One of the most senior women in British engineering is to take two court actions against Vickers, her former employer, claiming wrongful dismissal and sexual discrimination.

Sue Wilson, who earned about pounds 90,000, a year, was personnel and quality director at Vickers Defence Systems, the group's tank-making subsidiary, which has factories in Newcastle and Leeds.

A leading member of the business community in the north-east, Ms Wilson, 43, was closely involved with the Engineering Employers' Federation and is married to Ian Gibson, chief executive of Nissan Motor Manufacturing.

Denise Kingsmill, Ms Wilson's solicitor, said an industrial tribunal application alleging unfair dismissal and sexual discrimination had been lodged. Although claims for unfair dismissal are normally limited to maximum compensation of pounds 11,000, there is no limit for sexual or racial discrimination.

A second application, to be presented to the High Court, claiming damages for wrongful dismissal, is likely to centre on a claim that Ms Wilson's redundancy compensation was worked out on her pounds 51,000 basic salary, not her pounds 90,000 "package" of bonus, car and other benefits.

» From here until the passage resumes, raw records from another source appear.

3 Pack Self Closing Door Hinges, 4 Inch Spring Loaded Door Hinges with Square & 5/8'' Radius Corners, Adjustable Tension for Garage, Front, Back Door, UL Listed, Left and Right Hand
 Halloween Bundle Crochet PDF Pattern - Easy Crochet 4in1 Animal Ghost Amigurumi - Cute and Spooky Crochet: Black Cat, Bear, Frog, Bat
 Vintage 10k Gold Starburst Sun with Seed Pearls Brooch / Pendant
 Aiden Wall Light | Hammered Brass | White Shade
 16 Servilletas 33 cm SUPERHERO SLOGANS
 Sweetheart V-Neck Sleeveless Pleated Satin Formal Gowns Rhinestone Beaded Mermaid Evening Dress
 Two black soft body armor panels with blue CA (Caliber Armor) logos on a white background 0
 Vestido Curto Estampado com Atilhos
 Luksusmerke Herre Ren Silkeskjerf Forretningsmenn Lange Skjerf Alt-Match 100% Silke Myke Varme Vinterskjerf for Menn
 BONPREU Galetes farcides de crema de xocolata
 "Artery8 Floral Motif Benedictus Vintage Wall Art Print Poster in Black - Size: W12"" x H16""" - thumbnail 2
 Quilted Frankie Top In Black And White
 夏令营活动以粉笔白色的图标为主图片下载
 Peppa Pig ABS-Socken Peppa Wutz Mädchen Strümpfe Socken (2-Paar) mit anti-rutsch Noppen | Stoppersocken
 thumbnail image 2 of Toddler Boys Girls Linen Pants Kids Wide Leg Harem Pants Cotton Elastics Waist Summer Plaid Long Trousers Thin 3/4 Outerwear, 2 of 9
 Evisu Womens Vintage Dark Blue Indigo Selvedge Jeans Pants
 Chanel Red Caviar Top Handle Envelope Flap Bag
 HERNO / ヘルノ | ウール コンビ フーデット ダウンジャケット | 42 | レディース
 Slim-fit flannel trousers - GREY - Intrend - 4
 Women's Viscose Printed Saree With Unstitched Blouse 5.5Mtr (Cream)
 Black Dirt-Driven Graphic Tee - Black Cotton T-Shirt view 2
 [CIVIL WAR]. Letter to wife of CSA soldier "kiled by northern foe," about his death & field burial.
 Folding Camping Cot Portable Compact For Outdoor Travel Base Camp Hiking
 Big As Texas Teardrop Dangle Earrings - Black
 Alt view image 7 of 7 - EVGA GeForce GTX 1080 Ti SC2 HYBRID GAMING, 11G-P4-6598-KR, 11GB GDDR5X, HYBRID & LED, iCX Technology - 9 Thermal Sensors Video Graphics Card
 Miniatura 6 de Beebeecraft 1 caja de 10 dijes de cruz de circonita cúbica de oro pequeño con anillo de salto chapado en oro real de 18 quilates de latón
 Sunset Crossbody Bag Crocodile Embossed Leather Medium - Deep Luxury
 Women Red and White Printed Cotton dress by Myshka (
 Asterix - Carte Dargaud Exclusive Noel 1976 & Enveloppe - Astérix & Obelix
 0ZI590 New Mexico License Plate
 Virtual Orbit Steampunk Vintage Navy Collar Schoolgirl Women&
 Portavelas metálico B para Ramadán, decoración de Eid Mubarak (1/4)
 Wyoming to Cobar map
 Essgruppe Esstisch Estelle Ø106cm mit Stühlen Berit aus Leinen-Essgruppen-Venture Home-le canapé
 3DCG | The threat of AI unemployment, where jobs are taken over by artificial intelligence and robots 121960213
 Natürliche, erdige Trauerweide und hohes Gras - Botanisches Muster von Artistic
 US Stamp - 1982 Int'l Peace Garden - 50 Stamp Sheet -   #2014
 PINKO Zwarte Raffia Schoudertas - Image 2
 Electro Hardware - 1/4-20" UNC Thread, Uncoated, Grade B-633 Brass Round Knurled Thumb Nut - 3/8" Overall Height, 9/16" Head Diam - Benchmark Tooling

"This is an important case because she is a very senior and successful woman with a track record in heavy industry," Ms Kingsmill said.

"She has toughed it out in engineering for 21 years and knows all about the slings and arrows of corporate life. She can distinguish between them and real discrimination."

Ms Wilson has been advised not to talk publicly about the case. But it is known that her departure last December followed disagreements with John Crowther, the new chief executive.

Ms Wilson had been with the company since 1986, and was promoted to the board in 1990. A "macho" corporate culture was said to have been prevalent and to have led to conflict. Her job, in which she was responsible for 1,600 employees, has since been split between a personnel manager and a director.

Since leaving Vickers, Ms Wilson has been appointed chief executive of the Newcastle Initiative, a government-sponsored partnership with private industry to promote development.

She is a member of the Employment Appeals Tribunal and a former member of the Newcastle industrial tribunals panel.

A recent survey by the Institute of Directors found that fewer than 5 per cent of managers and directors were women. Overall in industry, 2.8 per cent of directors and 9.5 per cent of managers are women.

Vickers Defence Systems said that it was "not appropriate" to comment.